After building a devoted fan-base through a year and a half of non-stop touring behind his band Bleachers’ well-received debut album Strange Desire, Jack Antonoff was spending time in studios in Los Angeles and Atlanta spit-balling ideas for a second album when he had a powerful realization. It struck him, as he was sitting in hip-hop producers Organized Noize’s studio in Atlanta, that the records that meant so much to him growing up— are rooted in a specific place. “They came from somewhere!” he says excitedly. “There’s an energy there and the artist is telling a story of how they were raised. It's a sound from a city, and they’re planting a flag in that city and saying, ‘This is what it's like to live here.’"

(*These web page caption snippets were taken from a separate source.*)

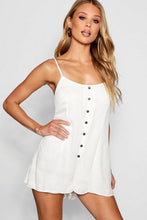 Load image into Gallery viewer, Horn Button Detail Swing Romper
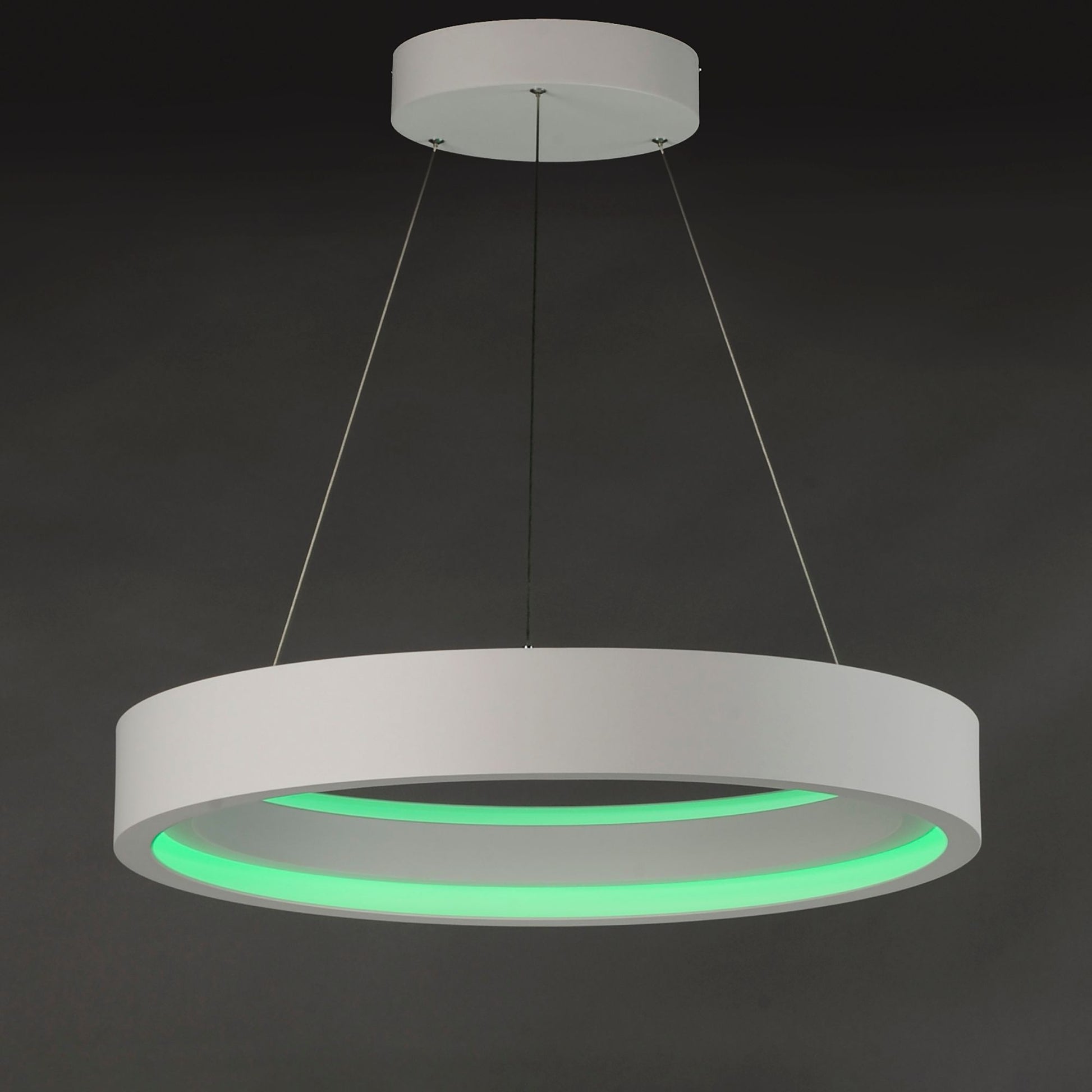 ET2 Lighting - iCorona FoH 29" LED Pendant, Matte White Finish | Bees Lighting
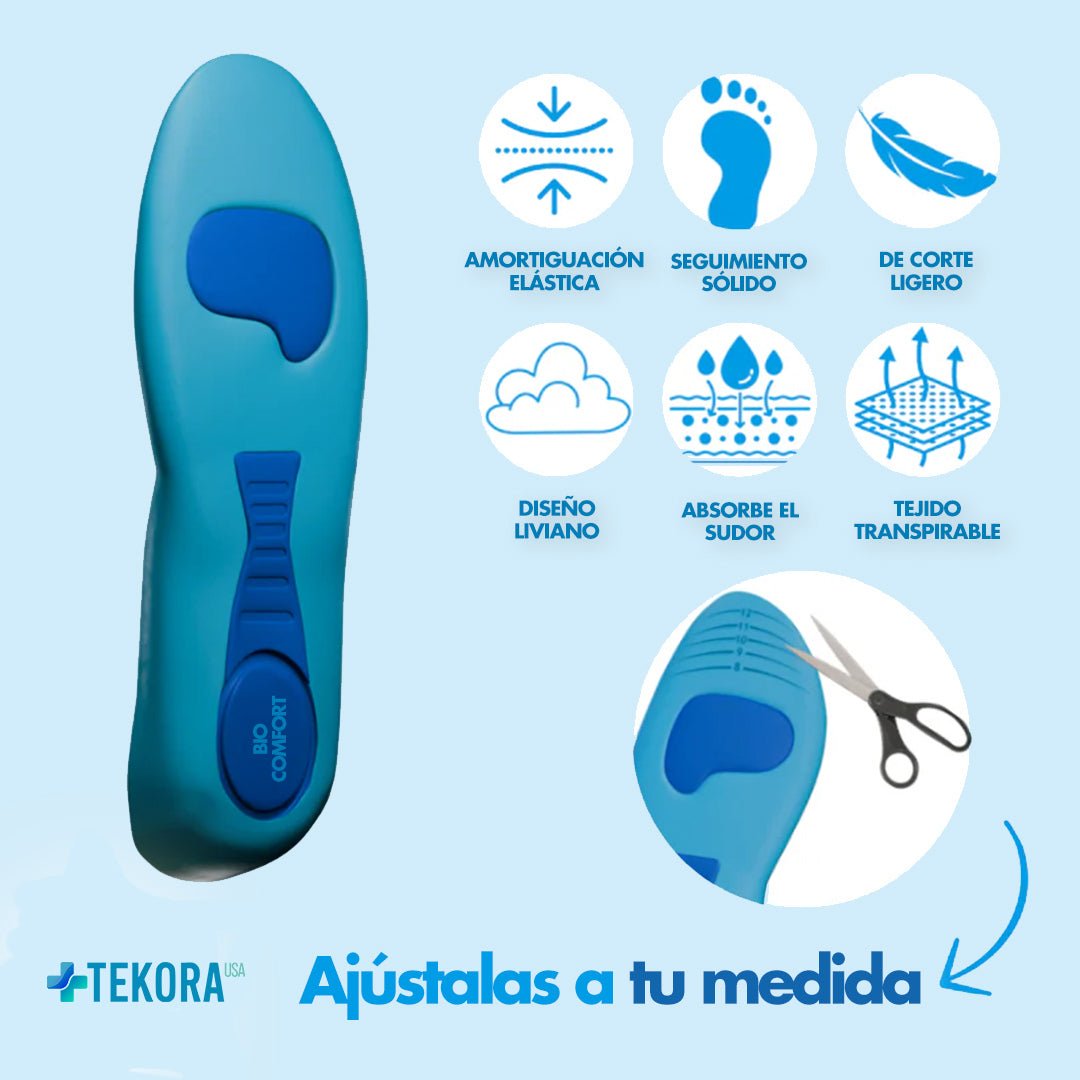 Plantillas BioComfort™ – Di Adiós Al Dolor Y Camina Con Comodidad Todo El Día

The New Jersey-born, New York-based Antonoff knew he needed to go home to the East Coast and build a studio. “It’s like you have to go sit in your bedroom and hear the music on the speakers you heard Graceland on the first time,” he says. “You gotta listen through the speakers you heard Smashing Pumpkins on the radio the first time. I had to get back to that space. So I did. I grabbed all this shit from my childhood bedroom in New Jersey and built a studio in my apartment in New York and I literally didn't leave it. I thought, ‘This album is going to sound like New York and New Jersey and the actual space I grew up in, in the most specific way. And that, to me, is the most I can offer.”
It was there in that room — surrounded by posters and flyers from punk shows he saw as a kid and his old baseball trophies and Star Wars figurines — that Antonoff created the epic, synth-driven anthems that appear on Bleachers’ second album entitled Gone Now, which is set for release on June 2, 2017. As a result, the album sounds like “the way the space looks,” he says. “It sounds like someone alone in their room, wrestling with their thoughts. It sounds like someone trying to create something very direct and simple amongst the chaos.”
Critics praised Strange Desire’s modern nostalgia and remarked that the ’80s-influenced songs could have served as a soundtrack to a never-made high-school-themed John Hughes film. On that album, Antonoff set emotional meditations on anxiety, depression, loss and picking yourself up after a tragedy (in his case, the death of his younger sister from a brain tumor when Antonoff was 18 and his struggled with a panic disorder in the aftermath) against a backdrop of earworm melodies and shouty choruses on songs like the gold-certified “I Wanna Get Better” (which topped Billboard’s Alternative chart) and “Rollercoaster.”
“The songs were about growing up and still sort of existing in the past,” Antonoff says. “The crux of the new album is my desperately trying to find a way to become some version of an adult, and not just be a giant child. I thought a lot about things like, ‘Where do I want to go from here? Do I want to be a person who has this extremely vibrant relationship with their art, but their life suffers in a million other places? Where do I want to go with my life?’”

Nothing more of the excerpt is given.